Facebook: Don't Advertise With Us If You Don't See Clear ROI

16.12.2014
Facebook last week detailed a number of initiatives meant to help it form a more cohesive strategy for implementing its arsenal of recently acquired advertising technology.

"It has taken us some time to figure out what we uniquely offer to the world," Brian Boland, vice president of ad tech at Facebook, said during a media briefing at the company's headquarters in Menlo Park, Calif., last week.

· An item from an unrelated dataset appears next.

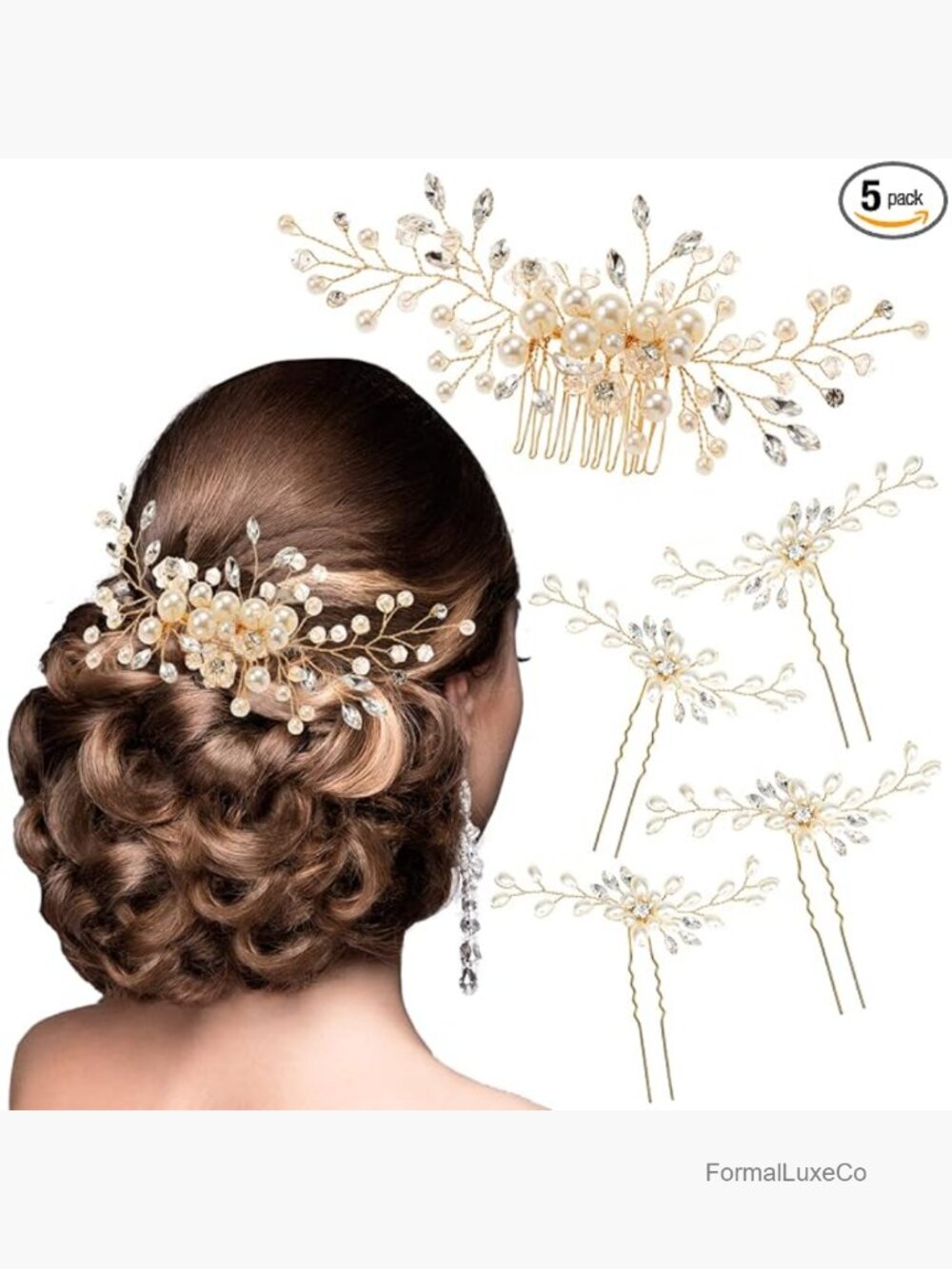 Vintage Pearl Crystal Rhinestone Wedding Hair Comb & 4 Hair Pins Set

Boland says the company wants to "reconnect the pieces" of the ad tech it acquired and built, and explain how they fit together to form a clear vision for Facebook's future. Facebook reframed its ad tech products to better enable advertisers and publishers to reach their target audiences and accurately measure the effectiveness of the ads it serves on Facebook and on the Web.

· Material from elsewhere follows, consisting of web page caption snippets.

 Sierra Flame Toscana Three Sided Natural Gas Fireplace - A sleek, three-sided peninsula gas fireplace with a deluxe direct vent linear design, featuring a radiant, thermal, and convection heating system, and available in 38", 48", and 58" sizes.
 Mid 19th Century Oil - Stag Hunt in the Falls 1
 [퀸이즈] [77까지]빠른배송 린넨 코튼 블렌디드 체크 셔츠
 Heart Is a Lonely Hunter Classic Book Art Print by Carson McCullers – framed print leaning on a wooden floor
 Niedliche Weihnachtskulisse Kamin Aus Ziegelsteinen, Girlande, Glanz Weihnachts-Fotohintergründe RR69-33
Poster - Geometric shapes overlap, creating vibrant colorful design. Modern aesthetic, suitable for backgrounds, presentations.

Facebook's People-Based Marketing

"People-based marketing" is the new name of the game for Facebook, according to Boland, and it's pulling out all the stops to give advertisers and publishers more confidence that the social network's tools can help grow their businesses.

"This will help you understand everything you'll see us do for the next couple of years," Boland says. "Every product you see us come out with on the advertising side will hang in this framework."

Facebook serves different interests, sometimes narrow and specific to Facebook, other times much more broad in the digital space, and the company has no plans to combine its suite of ad tech businesses into a single platform.

"There are certain tools that advertisers need to run all their digital that are independent of what you do on Facebook," Boland told CIO.com in a follow-up interview. "The tools we're building here will enable marketers to have a comparable view of all their different publishers."

However, the most difficult challenge for Facebook and any other online business that sells ads across multiple devices is measurement. "We think the current systems are fundamentally outdated," Boland says.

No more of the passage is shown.